The second function of the spinal cord is its connection with the brain, as a result of which volition can at any time stop the reflexes or modify them.
But more important still is the fact that by repetition of voluntary movement, which must always begin under direct brain control (if pupils only realized this in early stages of practice l), the brain is needed less and less until, finally, it is relieved of all participation and we have what is known as an acquired reflex, the work of the spinal centres.
Fibers and Cerebellum
In thus speaking of nerves entering and leaving the cord one must not think of a small number, Ingbert counted approximately six hundred and fifty thousand fibers, in the dorsal roots entering one side of the spinal cord. The diameter of these fibers varies ; the thickest does not exceed one two-thousandth of an inch.
Of the five parts of the brain, the cerebrum and the cerebellum are the most important for our purposes, since it is these part s that are chiefly concerned with learning in all its forms. The cerebellum, or small-brain, acts as a reflex center for
posture,
muscular tensions,
movements, and
external strains.
To these belong the sensory impulses arising in a muscle when it contracts passively as a result of the action of external forces.

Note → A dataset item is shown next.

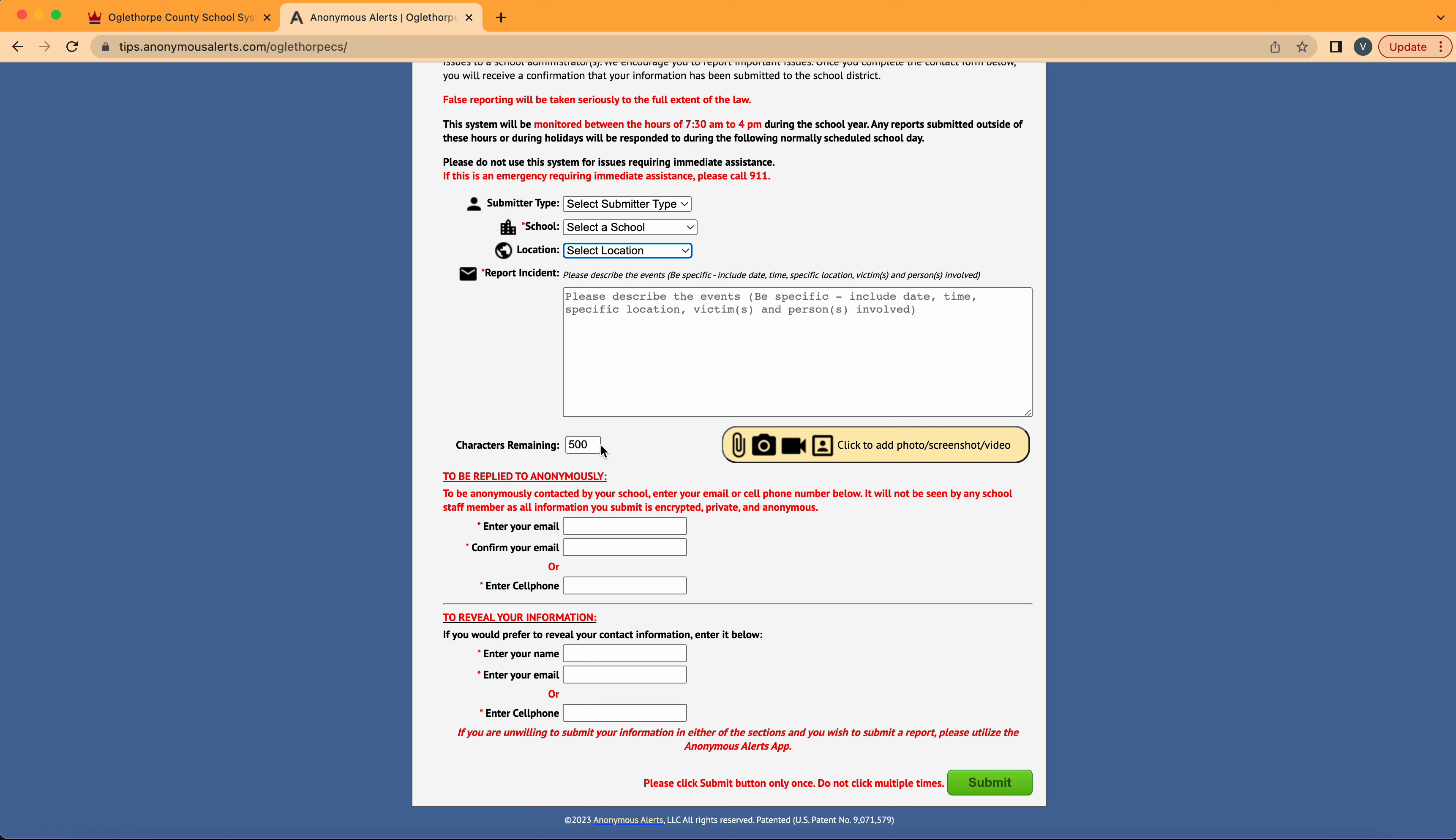At the bottom of the form, you have an option to be replied to anonymously, as well as revealing your information. The system does allow anonymity, and you do not have to reveal any information that you do not choose to.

Injury to the cerebellum is similar to injury to the semi-circular canals of the ear; both are followed by loss of sustained posture and muscle tonus.
These various parts of the nervous system are connected in many ways by the nerves of popular terminology.

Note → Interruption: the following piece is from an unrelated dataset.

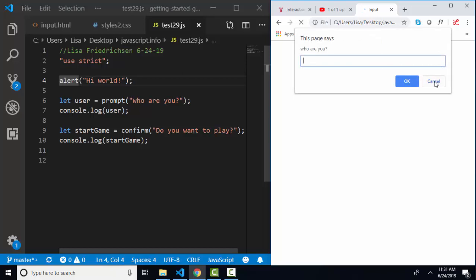I'm going to click okay and go on and read the rest of this javascript. Line six says create a variable named user and assign it to the prompt method 'Who are you?' And here's my text. Who are you? I can type in my name and click okay.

In the case of the arms, the sensory pathways enter the spinal cord by the dorsal roots, some passing directly to the ventral chord[3], others continuing up through the cord to the bulb (base of the brain), thence to the thalamus, where new cells arise and lead to the cortex of the cerebellum.
Thus at least three sets of fibers must be innervated before a sensory impression from the arms (legs or trunk likewise) can reach the brain proper.
Thus we speak of a
motor area,
auditory area, and
visual area.
This is not supposition, nor has it anything to do with phrenology. Evidence is furnished by direct experimentation (not only in the lower animals and anthropoid apes, but also on man), by human pathology[4] and by comparative anatomy. When certain areas of the brain are directly stimulated, sensations and movements result, corresponding to the area stimulated, and these responses are absent if other areas are stimulated. Disease in a certain area will result in loss of sensation or movement for that field, a loss that extends even to memories and ideations. Finally, comparative anatomy shows that high development in any capacity is accompanied by high development in the corresponding cortical area[5]. This, however, is something far different from the knowledge bumps of the phrenologists.

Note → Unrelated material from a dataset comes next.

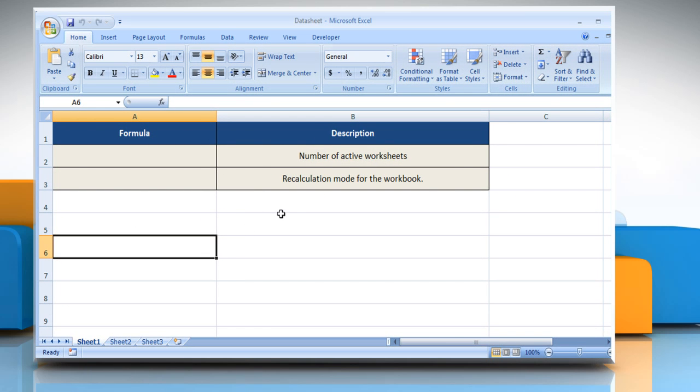The info function syntax has the following argument: Type text that specifies what type of information you want to be returned.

[1]intercalate: verb past tense: intercalated; past participle: intercalated
1. interpolate (an intercalary period) in a calendar. 2. insert (something) between layers in a crystal lattice, geological formation, or other structure.
[2]interpose: v. interposed, interposing, interposes v.tr. 1. a. To insert or introduce between parts: The ice interposes a barrier between the harbor and the islands. b. To place (oneself) between others or things. Historical Example: The primary bodily movements are reflex, instinctive, emotional, the action following without any interposition of consciousness.
[3]ventral chord: The ventral nerve cord makes up the nervous system of some phyla of the invertebrates, particularly within the nematodes,
annelids and the arthropods. It usually consists of cerebral ganglia anteriorly with the nerve cords running down the ventral ("belly", as opposed to back) plane of the organism.
[4]pathology: the science of the causes and effects of diseases, especially the branch of medicine that deals with the laboratory examination of samples of body tissue for diagnostic or forensic purposes.
[5]Cortical area: Cortical areas that are neither motor or sensory but are thought to be involved in higher processing of information. auditory area, auditory cortex. The cortical area that receives auditory information from the medial geniculate body.